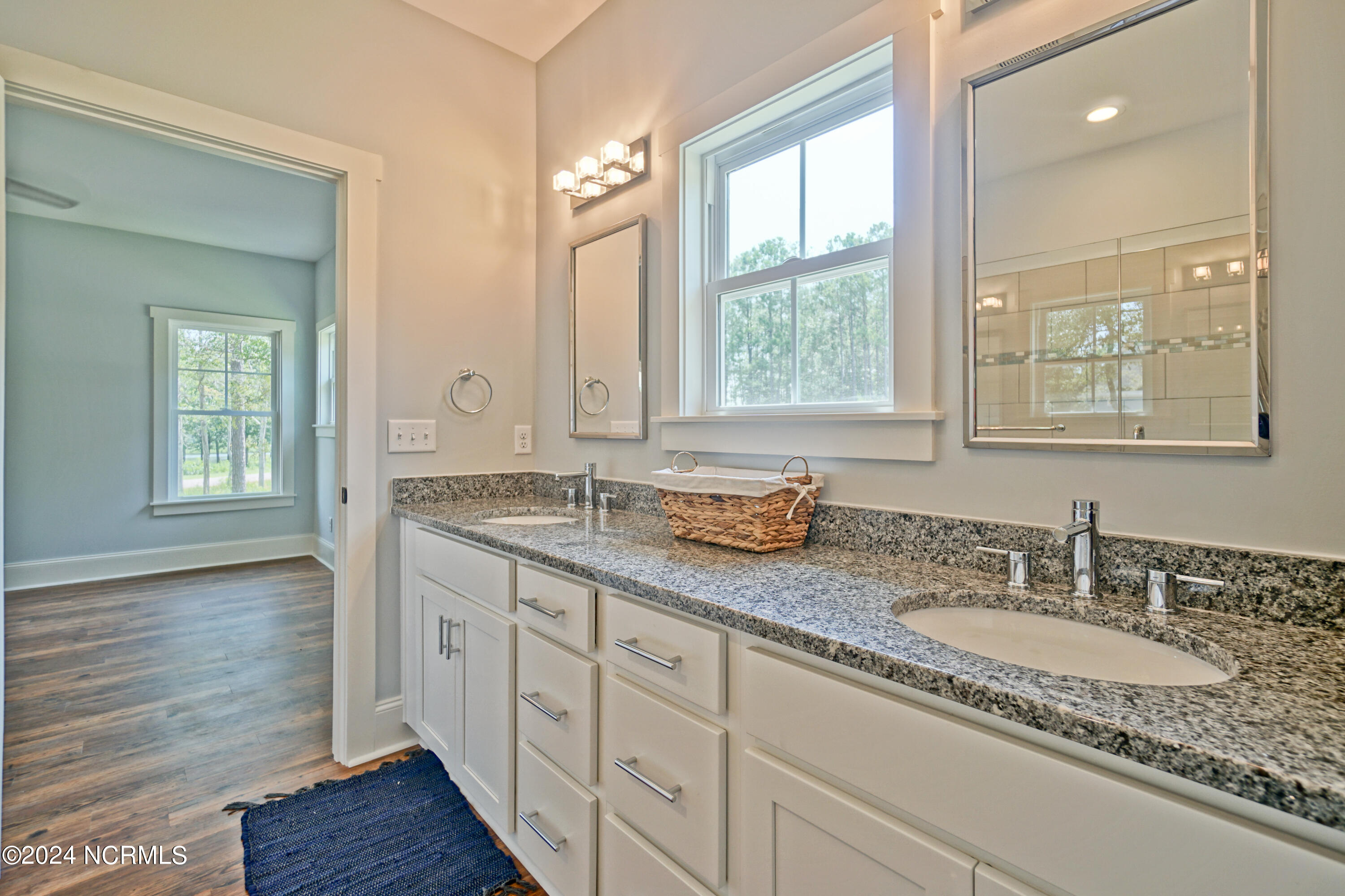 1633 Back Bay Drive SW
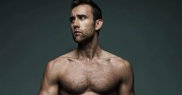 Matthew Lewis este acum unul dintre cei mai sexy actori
--
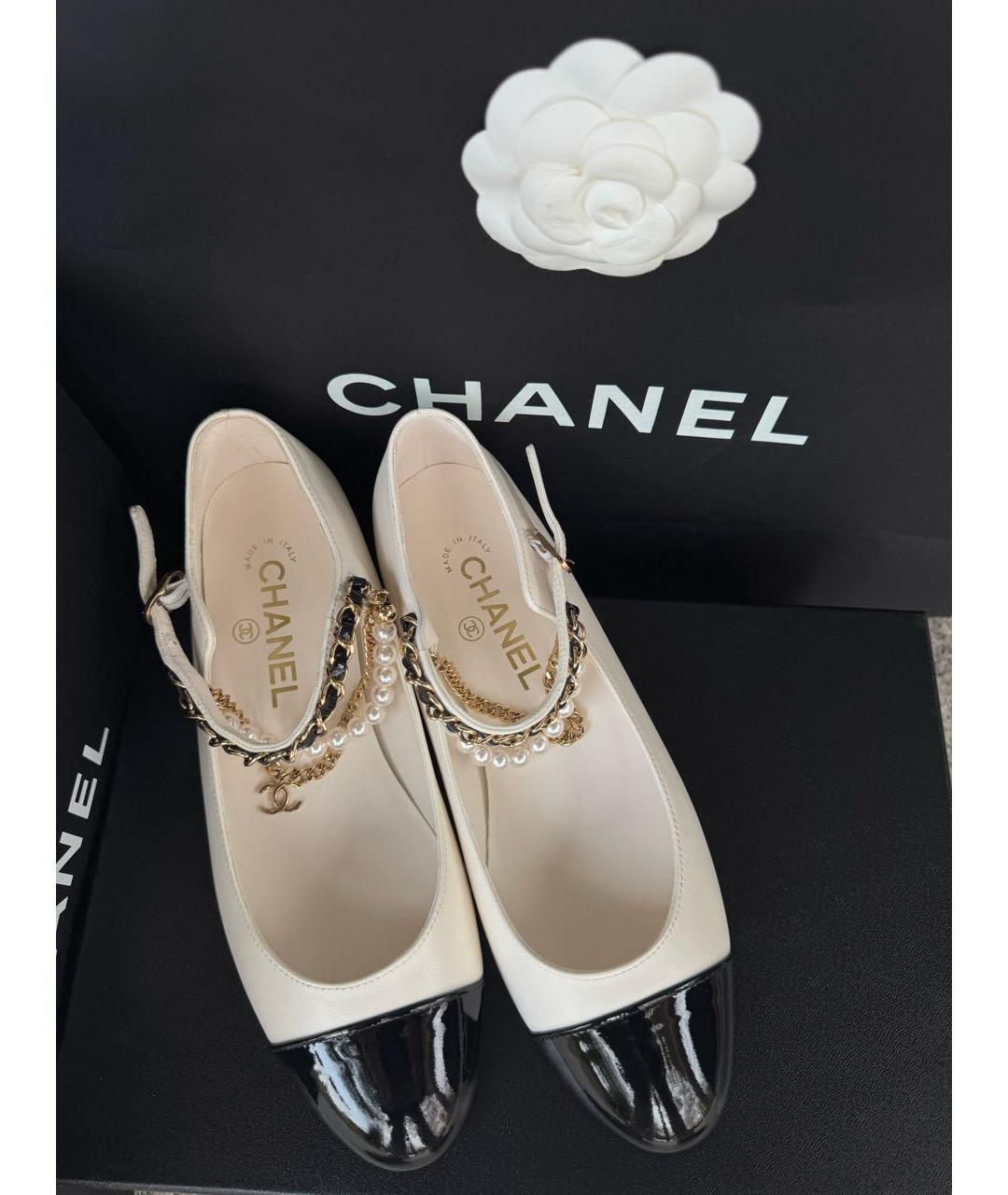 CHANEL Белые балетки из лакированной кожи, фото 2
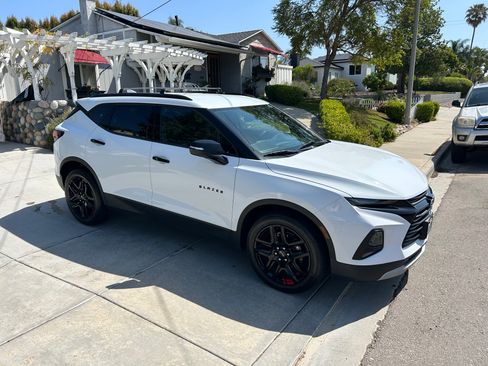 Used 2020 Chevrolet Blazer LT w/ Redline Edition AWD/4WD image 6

Aim of the task -> Extract the part of the records that opens with the line containing "CHANEL Белые балетки" and closes with the line containing "Used 2020 Chevrolet". Take only those lines, exactly, and no pictures.

Problem solution ->
 CHANEL Белые балетки из лакированной кожи, фото 2
 Used 2020 Chevrolet Blazer LT w/ Redline Edition AWD/4WD image 6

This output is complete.